Par-C10 cell organization on nanofibrous substrates of varying curvature. The arrangement of nuclei in (A) 30, (B) 80 μm radius craters, and (C) flat nanofibers reveals that Par-C10 cells are more spread than SIMS, and nuclei do not preferentially localize within craters. Dotted circles outline a portion of the craters in each sample. Confocal top-down and cross-sectional views showing height of Par-C10 cell monolayer on (D) 30 μm radius crater (E) flat nanofibers, and (F) 3-D Matrigel respectively. The cross-sectional views reveal that cell monolayer layer heights for both nanofibrous substrates are distinctly lower than cells grown in 3-D Matrigel. Cells are stained for F-actin (phalloidin, green) and nuclei (DAPI, blue). Nanofibers are stained red. When Par-C10 heights were quantified (G), cells grown on 30 mm radius craters had significantly higher monolayer heights than cells on substrates of lesser curvature, and those growing in 3-D Matrigel exhibited strikingly higher cell layer heights than any of the other samples (ANOVA **p < 0.01, ***p < 0.001).

Fig. 7

(A) Confocal top-down images of nuclei (DAPI, blue) and expression of adherens junction protein E-cadherin (green) in Par-C10 cells grown on nanofibrous substrates of varying curvature.

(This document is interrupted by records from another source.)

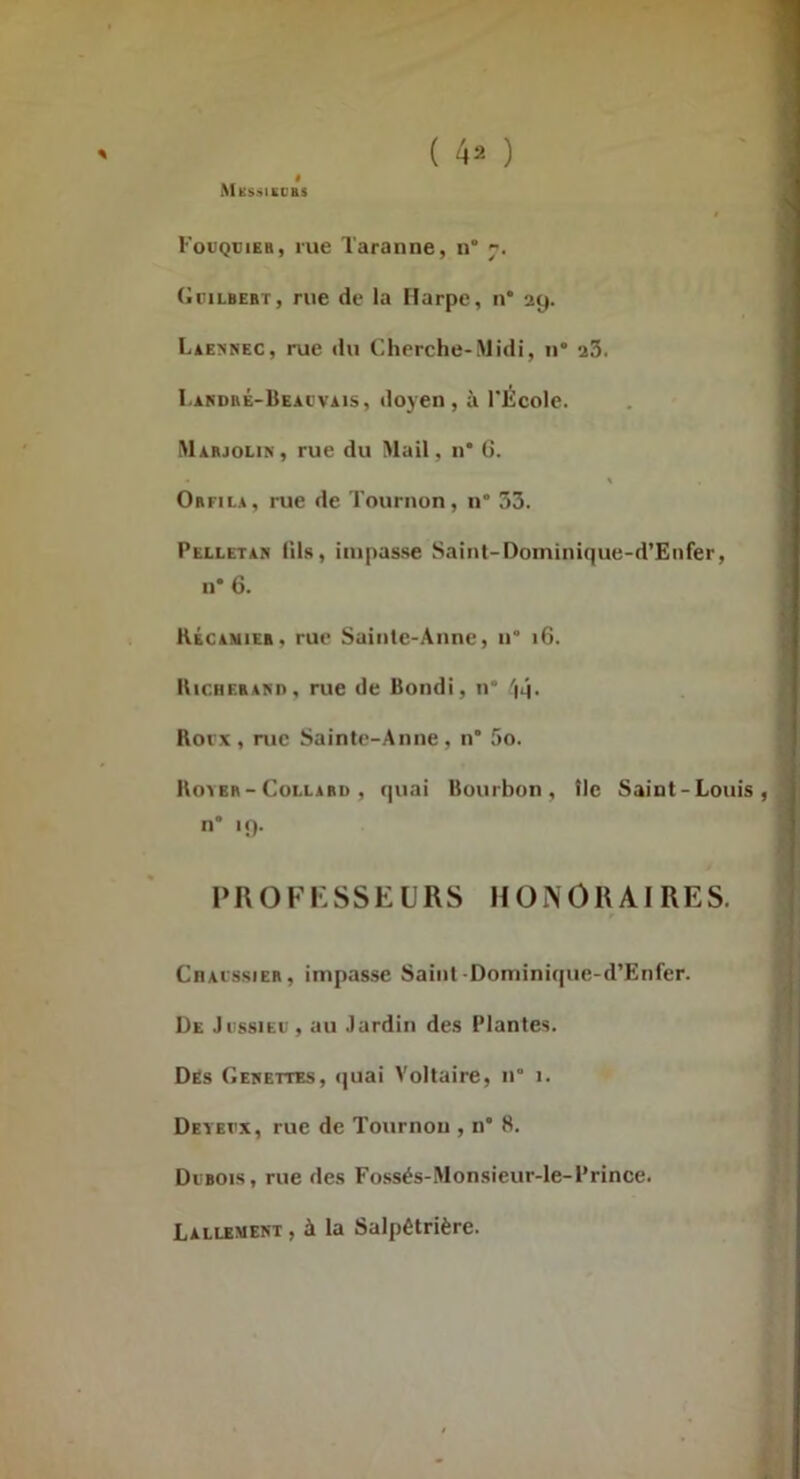( ) % Fouquieb, rue Taranne, n* 7. (•riLBEBT, rue de la Harpe, n* 29. LiENNEC, rue du Cherche-Midi, ii* 23. I.ARDBÉ-liEAcvAis, doyeii, à l’École. Mabjolin, rue du Mail, n* G. Obfila, rue de Tournon, n“ 33. Pelletan lils, impasse Saint-Doininique-d’Eiifer, II* 6. Kécamieb, rue Sainte-Anne, n° 16. Hichebam), rue de Bondi, n* 'iq. Rorx, rue Sainte-Anne, n 5o. llo^EB-CoLLABD , (|uai Bourboii, tic Saint-Louis, n* 19. PROFKSSEURS HONORAIRES. CnAissiEB, impasse Saint Dominique-d’Enfer. De Ji'ssieu , au Jardin des Plantes. Dés Gehettes, (juai Voltaire, n° 1. Deyei’x, rue de Tournou , n* 8. Di'bois, rue des Fossés-Monsieur-le-Prince. Lallkment , à la Salpêtrière.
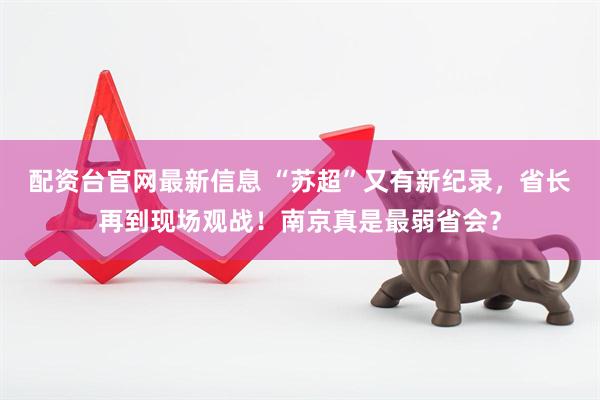 配资台官网最新信息 “苏超”又有新纪录，省长再到现场观战！南京真是最弱省会？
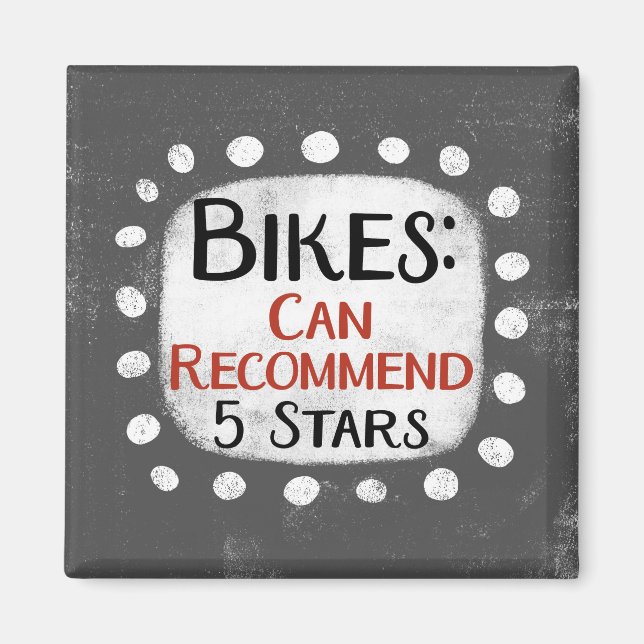 Bikes Review 5 Stars Refrigerator Magnet (Front)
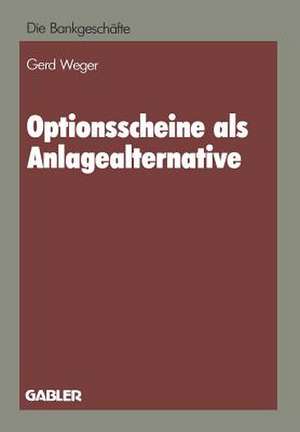 Optionsscheine als Anlagealternative de Gerd Weger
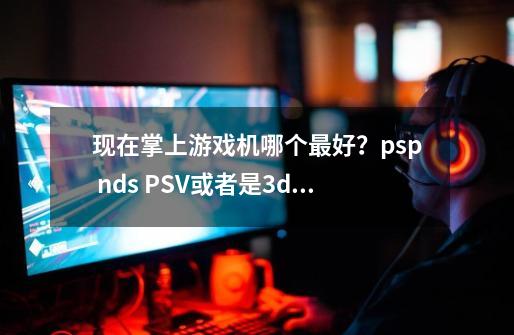 现在掌上游戏机哪个最好？psp nds PSV或者是3ds.. 每个的优点列举一下,开源掌机能玩ps2吗-第1张-游戏相关-泓泰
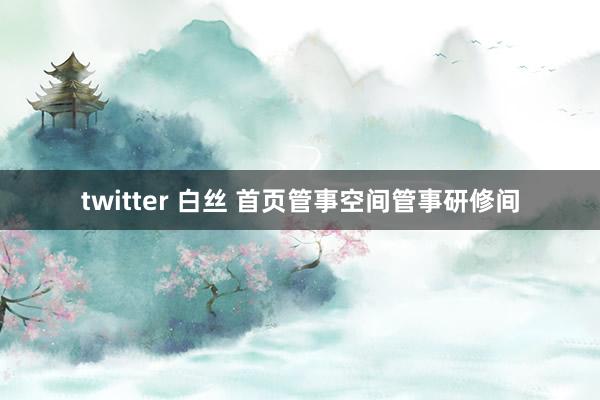 twitter 白丝 首页管事空间管事研修间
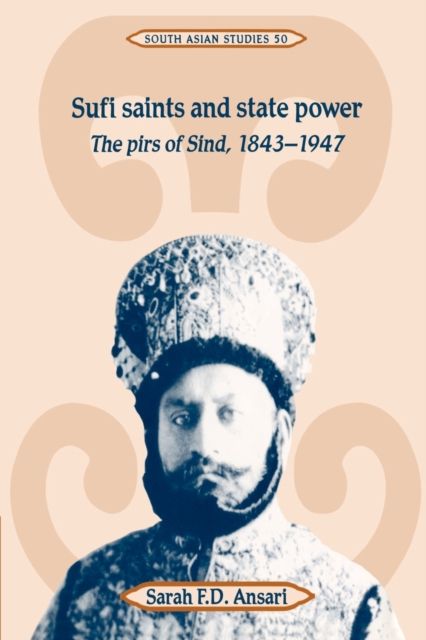 Sufi Saints and State Power : The Pirs of Sind, 1843–1947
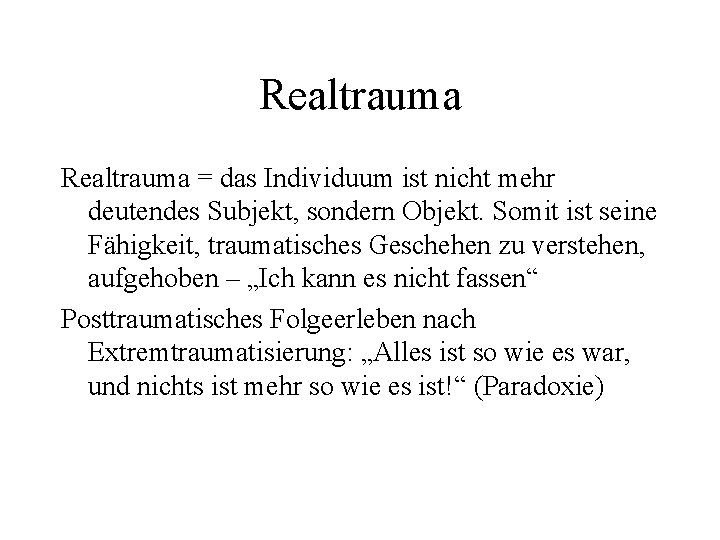 Realtrauma = das Individuum ist nicht mehr deutendes Subjekt, sondern Objekt. Somit ist seine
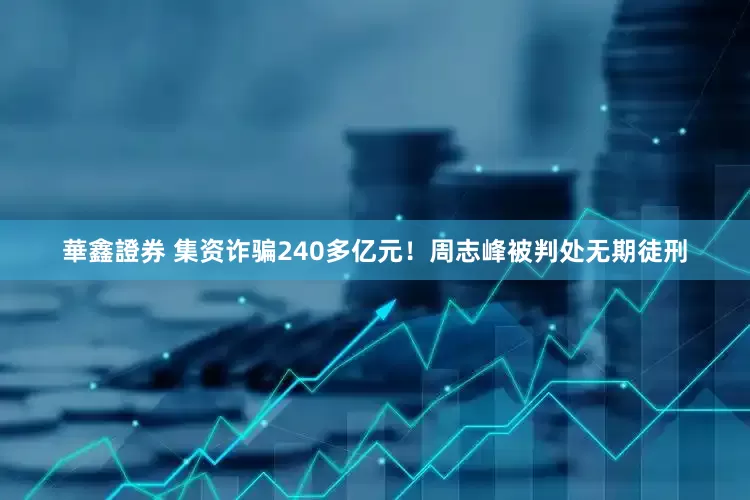 華鑫證券 集资诈骗240多亿元！周志峰被判处无期徒刑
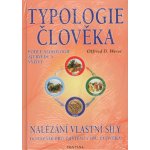 Typologie člověka - Otfried D. Weise – Hledejceny.cz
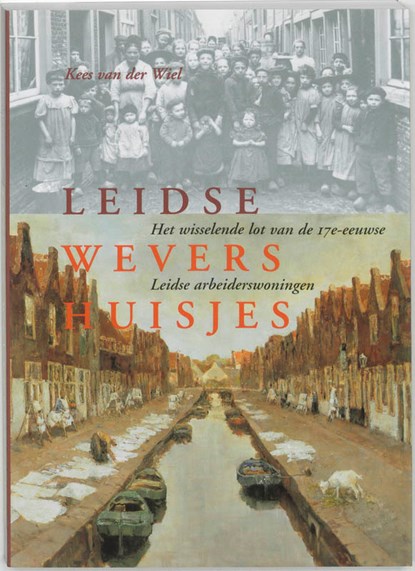 Leidse wevershuisjes, K. van der Wiel - Paperback - 9789074310765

The protein is expressed and marginally localized to cell membranes on all substrate types. (B) A representative Western blot shows no definitive trend in E-cadherin expression as substrate curvature increases. Normalized band intensities are plotted beside blot image. (For interpretation of the references to color in this figure legend, the reader is referred to the web version of this article.)

Fig. 8

(A) Confocal top-down images of nuclei (DAPI, blue) and expression of tight junction protein occludin (green) in Par-C10 cells grown on nanofibrous substrates of varying curvature. The protein is expressed and localized to cell membranes on all substrate types. (B) A representative Western blot shows that occludin expression increases as substrate curvature increases, especially on 30 μm radius craters. Normalized band intensities are plotted beside blot image. (C) Cross-sectional views of confocal z-stacks stained for nuclei (DAPI, blue), occludin (green), and fibers (red) show that occludin is more apically-localized (top of the cells) in Par-C10s on 30 μm radius craters as compared to those grown on flat nanofibers, where the protein fluorescence extends from the apical to the basal side of the cells. (D) Profiles of occludin fluorescence intensity for lines drawn though the apical (blue) and basal (red) side of Par-C10 cell monolayers on 30 μm radius craters and flat nanofibers, respectively. Cells on the crater show markedly larger peaks for a line drawn though the apical region of the cell monolayer as compared to the basal profile, whereas cells on flat nanofibers have similarly-sized peaks for both apical and basal regions. Areas of locally-intense staining in (C) and their corresponding graphical peaks in (D) are numbered.

Fig. 9

Water channel aquaporin-5 (Aqp-5) expression in Par-C10 cells on engineered substrates. A representative Western blot and corresponding normalized band intensity plot showing that expression of Aqp-5 increases when cells are grown on 30 μm craters as compared to substrates of lesser curvature. An additional intermediate crater size of 50 μm radius was analyzed in these experiments.